La experiencia debe servir para que no se abra ni la más mínima posibilidad de retroceso hacia el golpismo latinoamericano
Pocos días antes de se cumpla el vigésimo noveno aniversario del último de los muchísimos golpes de Estado que jalonaron la historia de nuestro país, uno de sus principales protagonistas, Luis Arce Gómez, ha sido encarcelado. Es un hecho que, además de justiciero, tiene un alto contenido simbólico por las circunstancias internacionales en que se produce.
El encarcelamiento de Arce Gómez, que coincide con el rotundo y unánime rechazo con que el mundo entero reaccionó ante el reciente golpe hondureño, son dos actos que dicen mucho de lo lejos que están --y de lo lejos que deben mantenerse-- esos aciagos tiempos en los que los militares, siempre con la complicidad de grupos civiles, hacían de árbitros y protagonistas de la política latinoamericana.
Hasta hace 30 años, personajes como Arce Gómez y crímenes como los que cometió no eran excepcionales.
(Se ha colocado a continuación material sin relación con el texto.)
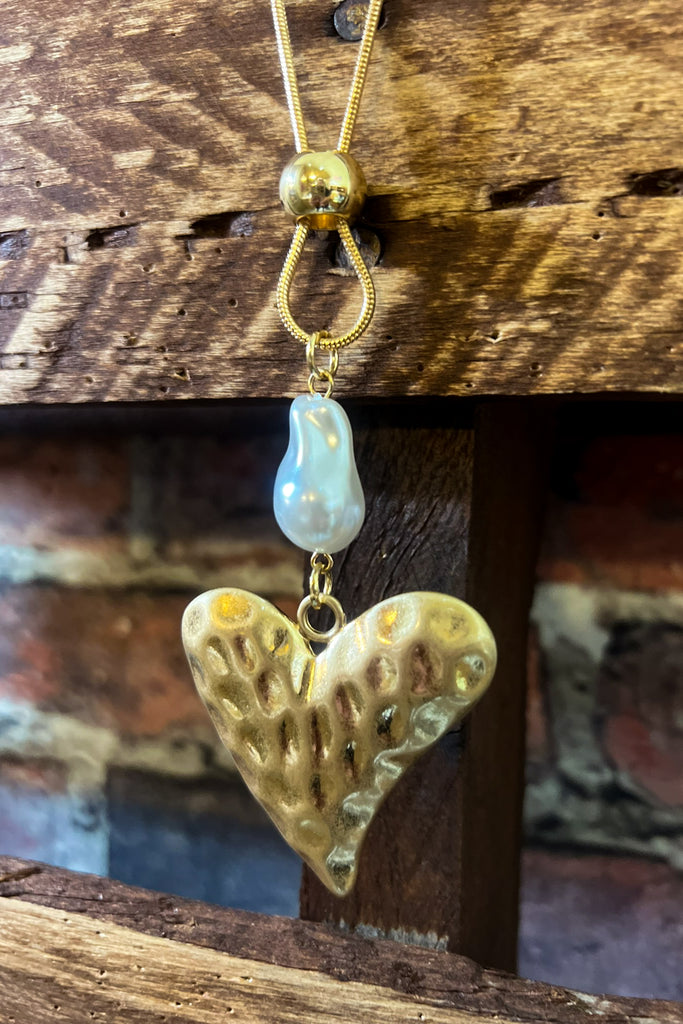 Sweet Fairytale Song Earring & Necklace Set in Gold Color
Por el contrario, los golpes de estado con sus secuelas de atrocidades fueron una constante en la historia latinoamericana desde sus primeros tiempos. Ya Bolívar y Sucre fueron víctimas de ese método de acción política y ni Bolívar se libró, al final de su vida política, de caer en la tentación de la dictadura.
Las razones con las que se justificaron los golpes de estado fueron variando a través de la historia, pero lo que nunca cambió fue el fenómeno de fondo que se manifestaba a través de ellos. La incapacidad de nuestras sociedades para resolver sus conflictos políticos por medios civilizados siempre estuvo tras cada intervención militar.
Todos los golpes de estado de los años 60 y 70, por razones inherentes a su espurio origen, derivaron en regímenes dictatoriales. Todos fueron atroces, pero hubo dos que se destacaron por su extrema crueldad. Uno fue el argentino, que hizo desaparecer a unas 30.000 personas y aplicó indescriptibles torturas a muchas más. Otro fue el de García Meza y Arce Gómez. Los asesinatos de Luis Espinal, en la fase preparatoria del golpe, de Marcelo Quiroga Santa Cruz, de toda la dirigencia del MIR, entre muchos otros, fueron algunos de sus peores crímenes.
Aunque como todos los demás golpes de estado de aquella época pretendió justificarse en la lucha contra la “expansión del comunismo”, expresado entonces en el triunfo electoral de la UDP, tuvo además muy sólidos vínculos con el narcotráfico, lo que lo hizo doblemente repudiable ante los ojos del mundo. Tanto, que contribuyó mucho a que en la conciencia mundial se active, y se mantenga vivo hasta hoy, el rechazo a los regímenes provenientes de golpes de estado.
El encarcelamiento de Arce Gómez es pues una buena ocasión para recordar porqué no se puede ni debe considerar, ni remotamente siquiera, la posibilidad de volver a abrir las puertas al golpismo latinoamericano.